# Directions:
What is needed is an exact repetition of the lines below, from the first one through the one holding "Enlarge Broccoli, a", with no pictures and nothing else.

-- Records supplied follows --

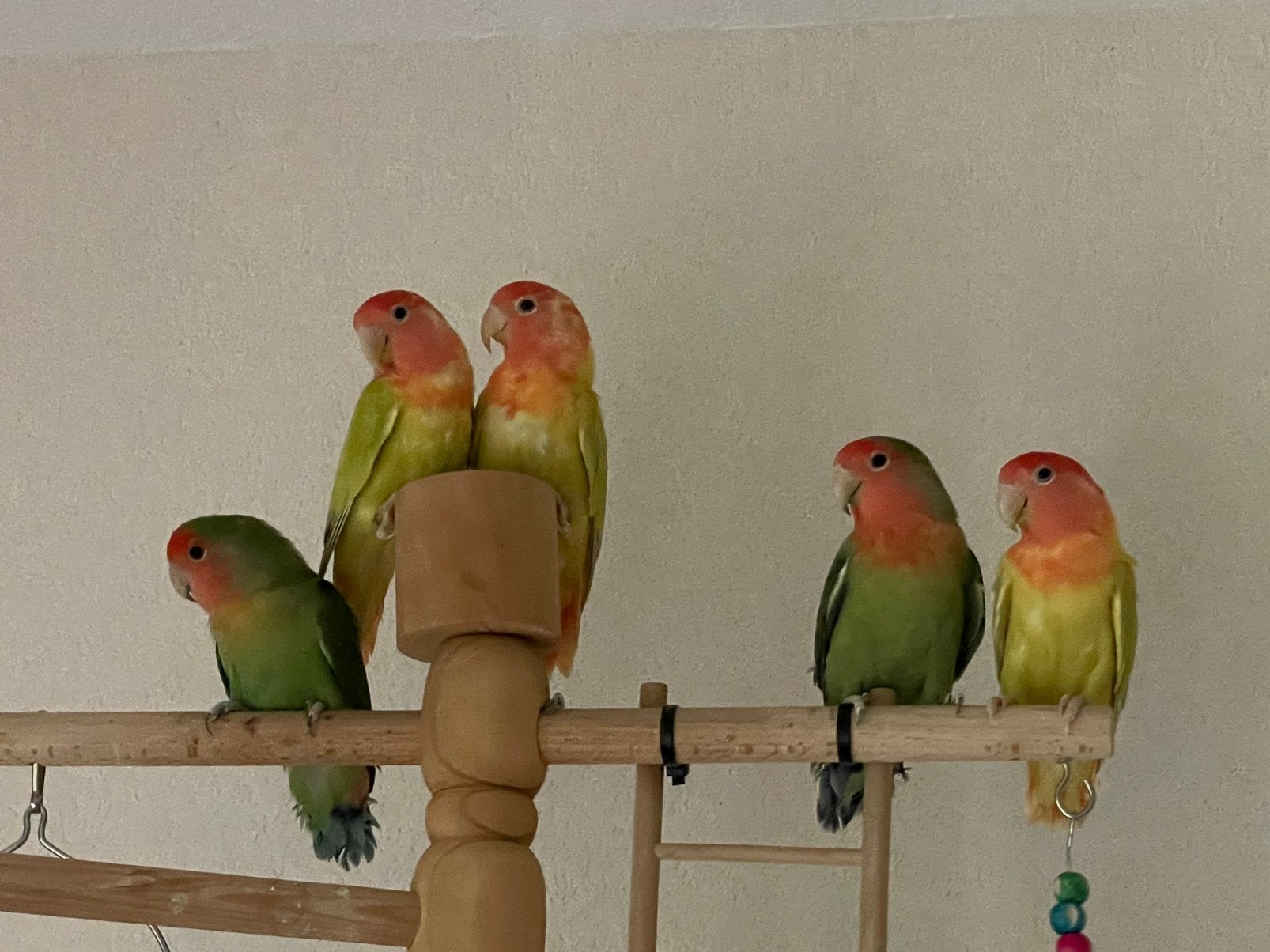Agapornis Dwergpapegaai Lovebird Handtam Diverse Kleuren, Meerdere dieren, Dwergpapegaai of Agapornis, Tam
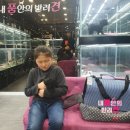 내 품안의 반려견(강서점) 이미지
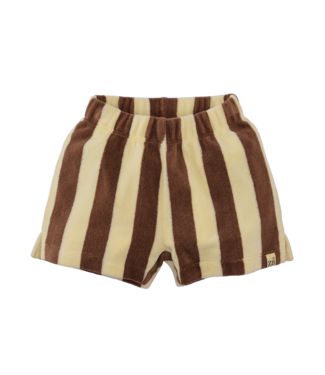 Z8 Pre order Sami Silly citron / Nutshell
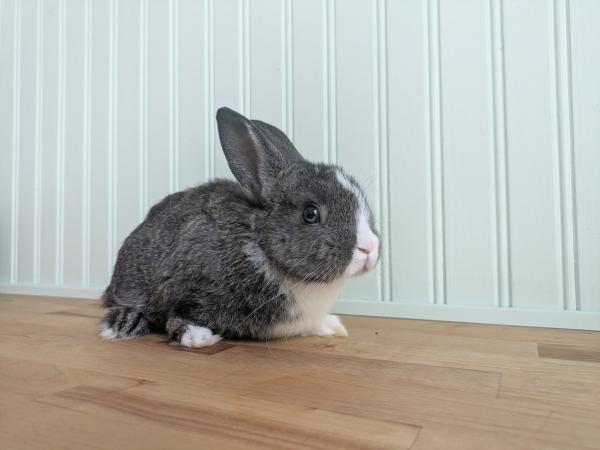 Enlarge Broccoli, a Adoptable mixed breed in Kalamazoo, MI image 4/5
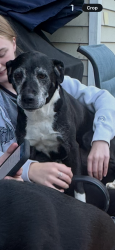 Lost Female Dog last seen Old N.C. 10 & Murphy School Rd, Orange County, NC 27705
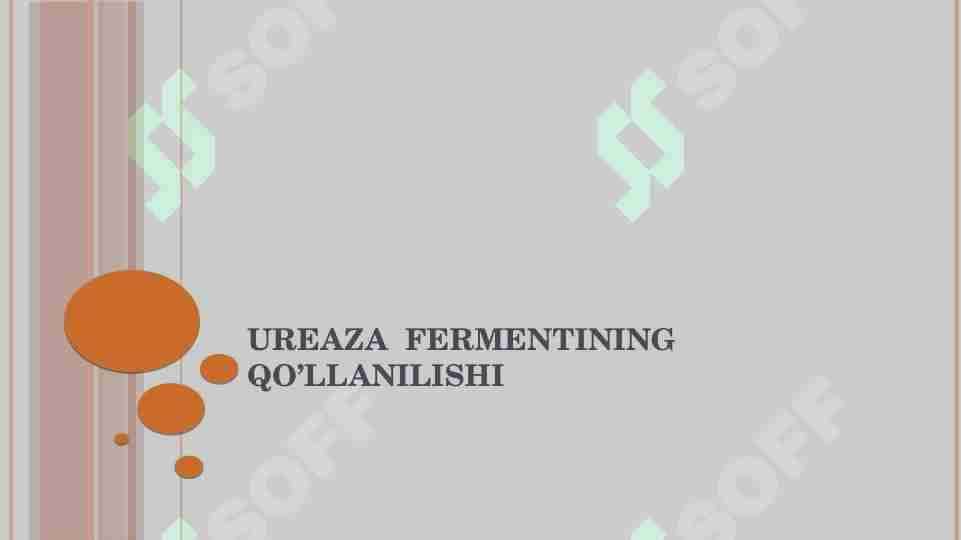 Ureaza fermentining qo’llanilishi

-- Records supplied concluded --

# Output:
Agapornis Dwergpapegaai Lovebird Handtam Diverse Kleuren, Meerdere dieren, Dwergpapegaai of Agapornis, Tam
 내 품안의 반려견(강서점) 이미지
 Z8 Pre order Sami Silly citron / Nutshell
 Enlarge Broccoli, a Adoptable mixed breed in Kalamazoo, MI image 4/5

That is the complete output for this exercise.